Avrupa’daki tek yerli Budist halkı Kalmuklar, Moğolların Oyrat boyundan geliyorlar. Moğol-Türki halkların tümü gibi göç ede ede 16. yüzyıldan beridir bugünkü Kalmukya’da yaşıyorlar. Tibet Budizmine mensup bu halk eski Türki-Moğol dini Tengriciliği de geleneklerinde yaşatıyor. Kalmuklar, Rusya İmparatorluğu’nda çok uzun yıllar Hıristiyanlaştırılmaya çalışıldılar. Pek çoğu dilini ve dinini kaybederek asimile oldu, diğer halkların arasında kayboldu. 1917 devriminden sonra Kalmukya, Don ve Kuban gibi içsavaşın merkezi oldu. Beyaz Ordu yanında savaşan çok sayıda Kalmuk savaştan sonra batılı ülkelere göç etti. İkinci Dünya Savaşı sırasında tüm Kalmuk halkı Sovyetler Birliği tarafından topraklarından sürüldü. Bu sürgünde halkın yarısı hayatını kaybetti. 1897 sayımına göre Rusya’da 200 bin olan Kalmuk sayısı sürgün ve savaşlardan sonra bugün itibarıyla 180 bine düştü.
TUVALAR
Avrasya’daki bir başka Budist ve Moğol halkı ise Buryatlar. Kalmuklar gibi sürgüne tabi olmasalar da çok eski bir millet olan, çeşitli devletin kuruluşunda yer alan Buryatlar da asimilasyona tabi olan halklar arasında yer alıyorlar. Doğu Sibirya’da, Buryatya Cumhuriyeti’nde yaşayan bu halkın komşusu ise bir diğer geleneksel olarak Budist olan Tuva halkıdır. Tuvalar Kalmuk ve Buryatlar gibi Moğol değil, Türki bir halktır. Şamanizm, Tengricilik ve Budizmi birleştiren bu uzak ve ulaşılması zor memleketin halkı ulusal ve sosyalist devrim yaşayan Moğolistan, Çin ile içsavaş ve sosyalist devrim yaşayan Sovyetler Birliği arasında kalmıştı. 1921 yılında kurulan bağımsız devlet Tuva Halk Cumhuriyeti, Sovyetlerin hem uydusuydu, hem de aynı “devrimci” yöntemleri kullanıyordu. Halkın %90’ının göçer olduğu ülkede zorla yerleşik hayata geçirilme çalışmaları uygulandı, inançlara ve geleneklere karşı savaş başlatıldı.

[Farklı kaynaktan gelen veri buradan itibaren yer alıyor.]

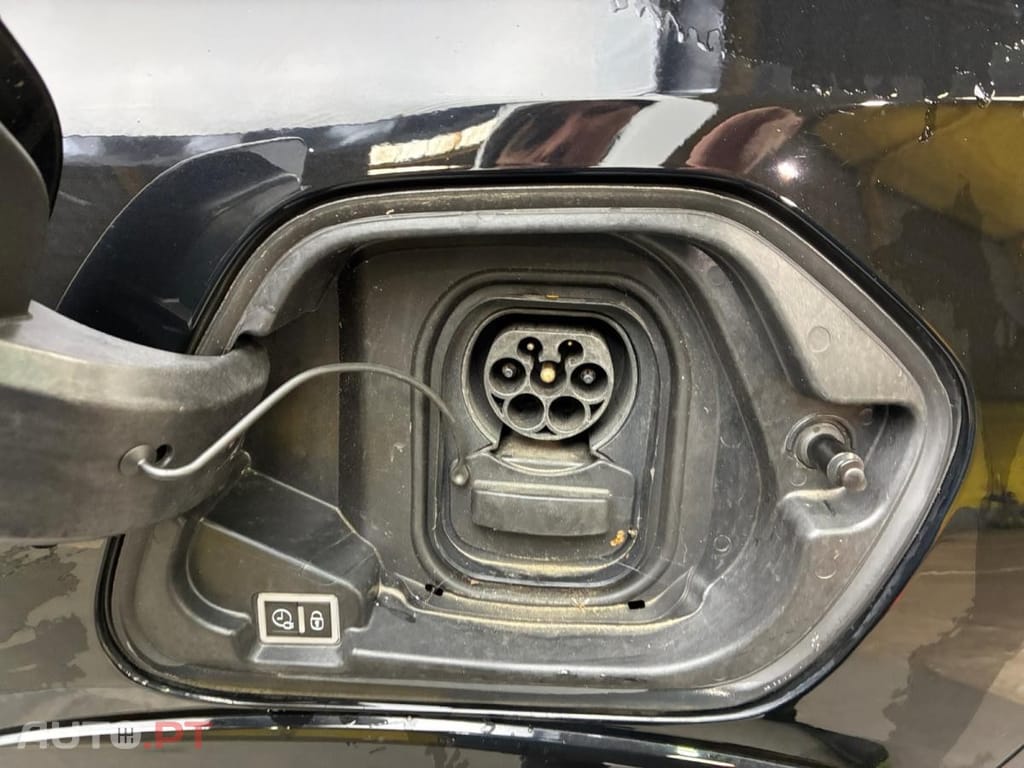 Peugeot E-208 50 kWh Style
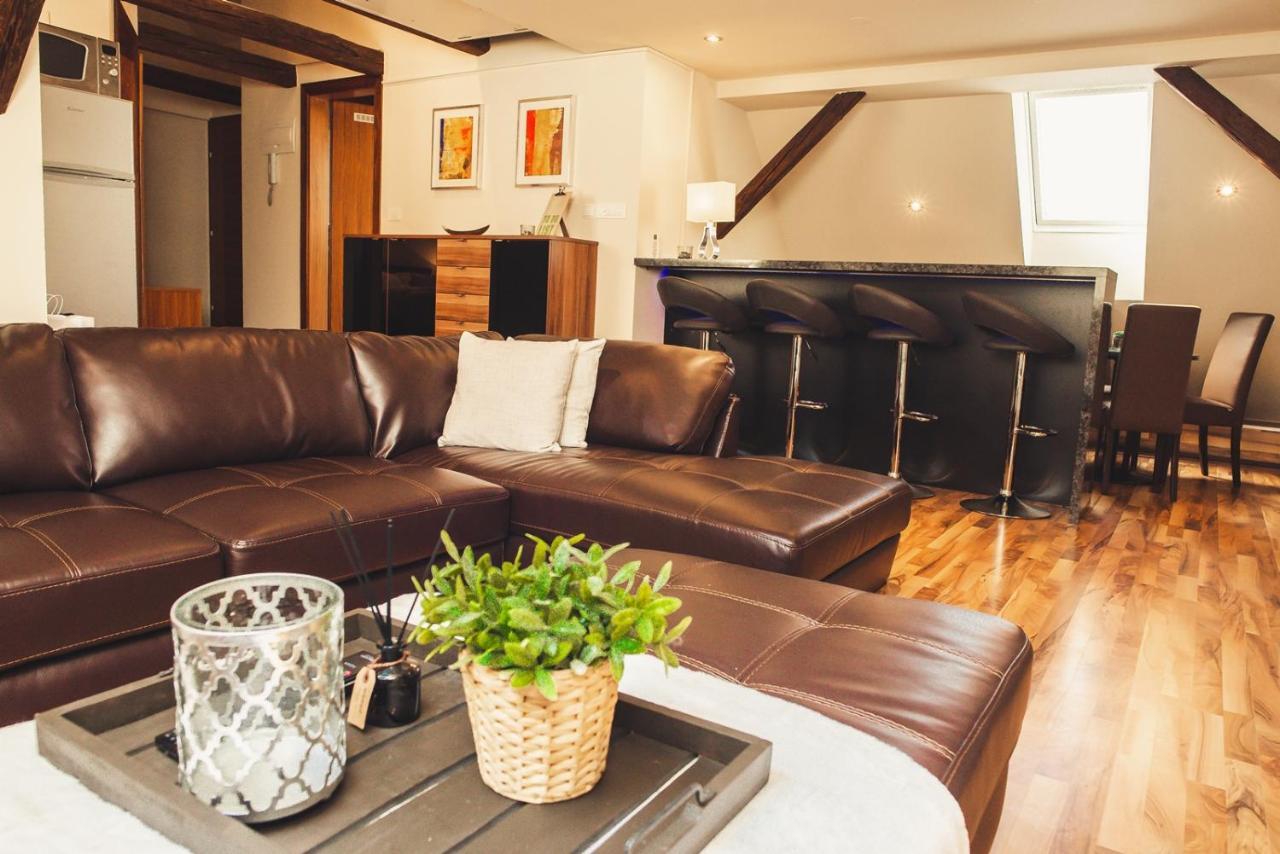 Skol Apartment S Parkiriscem Celje Esterno foto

Dünyanın başka yerlerinde olduğu gibi Tuva, Kalmukya ve Buryatya’da da asimilasyon ve sonuçta bir halkın harçlarından biri olan inanç gelenekleri hedef alınmıştı. Alevi inancının parçası olan ritüeller gibi olgular, aynı zamanda Türk ve Kürt halklarının çok değerli kültürel öğesidirler. Bu inanç yoksa türkü de yoktur. Türkü yoksa şiir de yoktur. Şiir yoksa kültür de, dil de yoktur. Bu basit gerçekten yola çıkarak Avrasya Budistlerinin yaşadıklarını daha iyi anlayabiliriz.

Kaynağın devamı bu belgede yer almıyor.